Exercise brief: Which lines run from the one containing "funny face squidward" to the end of the entries below? Retype exactly those, both ends included.

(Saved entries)
[Start of section]
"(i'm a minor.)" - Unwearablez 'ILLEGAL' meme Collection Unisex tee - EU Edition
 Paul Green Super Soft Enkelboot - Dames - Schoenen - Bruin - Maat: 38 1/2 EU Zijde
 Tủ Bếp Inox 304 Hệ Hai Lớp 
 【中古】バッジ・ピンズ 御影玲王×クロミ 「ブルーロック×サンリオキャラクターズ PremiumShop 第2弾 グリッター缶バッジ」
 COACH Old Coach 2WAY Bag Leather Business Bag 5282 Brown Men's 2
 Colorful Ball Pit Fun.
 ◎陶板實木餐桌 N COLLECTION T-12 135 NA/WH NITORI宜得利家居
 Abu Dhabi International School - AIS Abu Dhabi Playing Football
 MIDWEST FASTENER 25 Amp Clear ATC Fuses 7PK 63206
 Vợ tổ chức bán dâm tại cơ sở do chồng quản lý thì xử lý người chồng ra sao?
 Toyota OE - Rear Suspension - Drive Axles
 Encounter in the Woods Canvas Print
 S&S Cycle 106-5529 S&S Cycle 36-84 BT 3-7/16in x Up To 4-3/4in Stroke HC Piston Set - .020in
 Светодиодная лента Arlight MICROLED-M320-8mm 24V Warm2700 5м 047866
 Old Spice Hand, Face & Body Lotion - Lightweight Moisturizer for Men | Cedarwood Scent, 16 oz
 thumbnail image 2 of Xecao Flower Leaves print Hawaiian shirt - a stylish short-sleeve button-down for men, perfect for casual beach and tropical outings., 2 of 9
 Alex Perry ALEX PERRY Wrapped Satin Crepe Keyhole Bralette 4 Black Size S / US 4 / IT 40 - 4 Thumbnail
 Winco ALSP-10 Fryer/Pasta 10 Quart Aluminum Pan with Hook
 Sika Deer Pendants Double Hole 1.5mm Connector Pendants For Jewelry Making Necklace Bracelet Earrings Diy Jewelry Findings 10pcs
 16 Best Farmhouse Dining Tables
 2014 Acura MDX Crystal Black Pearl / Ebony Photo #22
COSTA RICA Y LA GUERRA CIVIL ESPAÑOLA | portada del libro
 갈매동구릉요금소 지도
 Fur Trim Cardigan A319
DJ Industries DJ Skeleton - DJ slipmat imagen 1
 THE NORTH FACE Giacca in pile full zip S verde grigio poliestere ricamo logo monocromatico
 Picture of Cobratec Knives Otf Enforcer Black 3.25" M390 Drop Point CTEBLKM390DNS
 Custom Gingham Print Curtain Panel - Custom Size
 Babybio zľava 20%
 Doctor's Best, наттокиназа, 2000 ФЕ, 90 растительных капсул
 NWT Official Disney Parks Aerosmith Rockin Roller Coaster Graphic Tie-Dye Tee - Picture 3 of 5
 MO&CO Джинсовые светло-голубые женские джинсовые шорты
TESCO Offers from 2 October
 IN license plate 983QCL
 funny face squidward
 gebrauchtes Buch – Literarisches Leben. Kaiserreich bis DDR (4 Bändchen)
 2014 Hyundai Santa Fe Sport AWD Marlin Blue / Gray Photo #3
[End of section]
Task output:
 funny face squidward
 gebrauchtes Buch – Literarisches Leben. Kaiserreich bis DDR (4 Bändchen)
 2014 Hyundai Santa Fe Sport AWD Marlin Blue / Gray Photo #3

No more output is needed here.